In July 1903, Leonidas Hubbard set out to explore the uncharted interior of Labrador by canoe, accompanied by Dillon Wallace, his best friend, and George Elson, a Metis guide. Bad luck and bad judgment led the expedition into disaster and the party was forced to turn back. Hubbard died of starvation just thirty miles from camp. Two years later Wallace decided to complete the overland expedition and clear himself of blame for Hubbard's death. He had, however, a rival - Mina Hubbard. She blamed Wallace for her husband's death and, with Elson as her guide, intended to complete the trek first. The result was an epic race between the avenging widow and her husband's best friend. Reconstructing the story from the long-lost journals and diaries of the 1903 and 1905 expeditions, James Davidson and John Rugge trace the explorers' routes and re-create the saga. "Great Heart" is a gripping drama of individuals pushed to the limits of human endurance.
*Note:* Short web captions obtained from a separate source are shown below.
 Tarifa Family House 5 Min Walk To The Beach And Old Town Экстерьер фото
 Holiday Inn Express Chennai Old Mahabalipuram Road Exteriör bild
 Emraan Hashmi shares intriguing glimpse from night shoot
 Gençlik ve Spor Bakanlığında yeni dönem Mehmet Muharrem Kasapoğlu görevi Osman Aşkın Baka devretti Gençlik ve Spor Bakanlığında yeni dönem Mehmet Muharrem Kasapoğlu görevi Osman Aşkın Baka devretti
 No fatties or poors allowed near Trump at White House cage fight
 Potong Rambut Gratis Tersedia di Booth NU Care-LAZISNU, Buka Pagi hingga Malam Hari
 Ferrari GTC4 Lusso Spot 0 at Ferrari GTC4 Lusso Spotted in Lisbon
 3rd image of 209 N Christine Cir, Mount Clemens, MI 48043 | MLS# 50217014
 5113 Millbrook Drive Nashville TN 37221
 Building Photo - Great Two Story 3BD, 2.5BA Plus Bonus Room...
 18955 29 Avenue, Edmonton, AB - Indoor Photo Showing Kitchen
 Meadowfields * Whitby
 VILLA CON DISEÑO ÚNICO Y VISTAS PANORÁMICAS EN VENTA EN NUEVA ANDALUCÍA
James West Davidson is a historian, writer, and wilderness paddler. He received his Ph.D. in American history from Yale University and writes full time. He is also co-editor, with Michael Stoff, of New Narratives in American History, a series published by Oxford University Press, as well as the coauthor of textbooks in American history. These include "Experience History," "After the Fact: The Art of Historical Detection," and "US: A Narrative History" for the college level and "The American Nation" for the middle grades.
On a river, an eddy line marks the boundary between slack water and swift. Broaching the line, you sometimes find yourself swept quickly downstream and around a bend. As a historian, I've crossed more than one eddy line to ride currents pulling in different directions, from thinking about the end of the world to paddling the barrens of Labrador to viewing the rise of segregation through the eyes of one woman. A through-line that unites these disparate subjects is the attraction to journeys and their obsessional consequences. If you believe that your own life is joined to a biblical history of redemption--in which the world's end will soon draw nigh--how will that conviction affect your everyday behavior? ("The Logic of Millennial Thought") If you are a black woman born into freedom after the Civil War, whose goals at first seem to be teaching school, finding a husband and enjoying a decent middle-class life, how does the particular set of your character propel you to risk life and limb opposing a rising epidemic of lynching? ("They Say: Ida B. Wells and the Reconstruction of Race") If you cross Labrador intent on making a name in journalism, how far will you court hardship and starvation in order to succeed? And if you are the widow of the man who pushed one lake too far, where will your own obsessions take you in seeking to complete your husband's work? ("Great Heart: The History of a Labrador Adventure")
We all begin journeys thinking we know where we're going, and we seldom do. Yet the course of every odyssey springs from the way in which an individual's character bends, breaks, or masters the larger movements of the day. Watching such journeys play out provides a singular pleasure, very much akin to riding the currents of a river from its turbulent headwaters to the final outwash in the sea.